Okay, there are no vampires, no explosions, no sex scenes in the piece I’ve written. No one dies in it. It is not fast paced, not taking you into some unknown world. It’s just a story, pure, simple, quiet. No one will want to read that, right?

Then why did I have it translated, almost ready to self-publish in German and English? Why did I have someone do the artwork for the cover? Did I really think I can proove there is an audience when publishing houses said there isn’t?

Here I am, so afraid to put my novel out that it takes my breath away. What is it I fear so much?

I know there are people out there just waiting to see me fall. I won’t die because of this. I’m fully aware that there is no army behind me, I’m just a lonesome warrior who risks to become the joke.

No one’s going to hold me, tend to my nosebled and lend me a hand to get up if I’ll end up on the ground with a twisted leg. I’ll have to walk into and through this alone, and there could be quite a few „told you so“s.
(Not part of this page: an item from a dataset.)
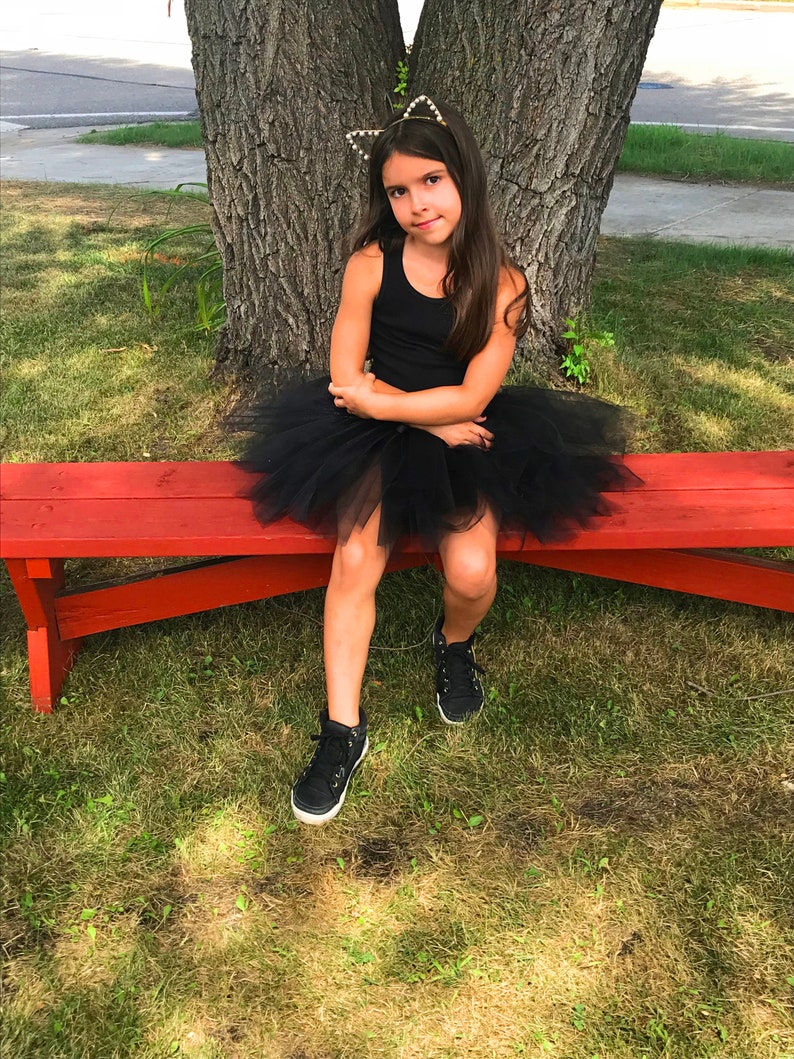 May include: A young girl wearing a black tank top and a black tulle tutu skirt sits on a red bench. She is wearing a gold cat ear headband with pearl accents. The girl is sitting on a grassy lawn with a large tree behind her.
So what if I’m wrong? What if I’m not the writer I thought I could be? If I have no talent? If it’s all just ambition without any ground to stand on? Can I face such a truth? What will this do to me?

I don’t write to become rich and famous. I don’t need prizes, flashlights, limousines and tv shows. I’m just a storyteller. I’ve always been.

I love words. I love to put them in rhythm so that a sentence starts to glow. I love to touch a soul with nothing but a metaphor. But what if I only think I can do all that? What if I’m fooling myself?

All this is running around in circles in my head as I’m waiting for my editor to have waded through 170 pages. And in a sad way I somehow wish she’ll take so much more time to do it that I… So that I do what?

I’ve come this far. I can’t stop here. The worst that can happen is that no one buys it, that not even friends read or say it’s boring. But then at least I’ll know.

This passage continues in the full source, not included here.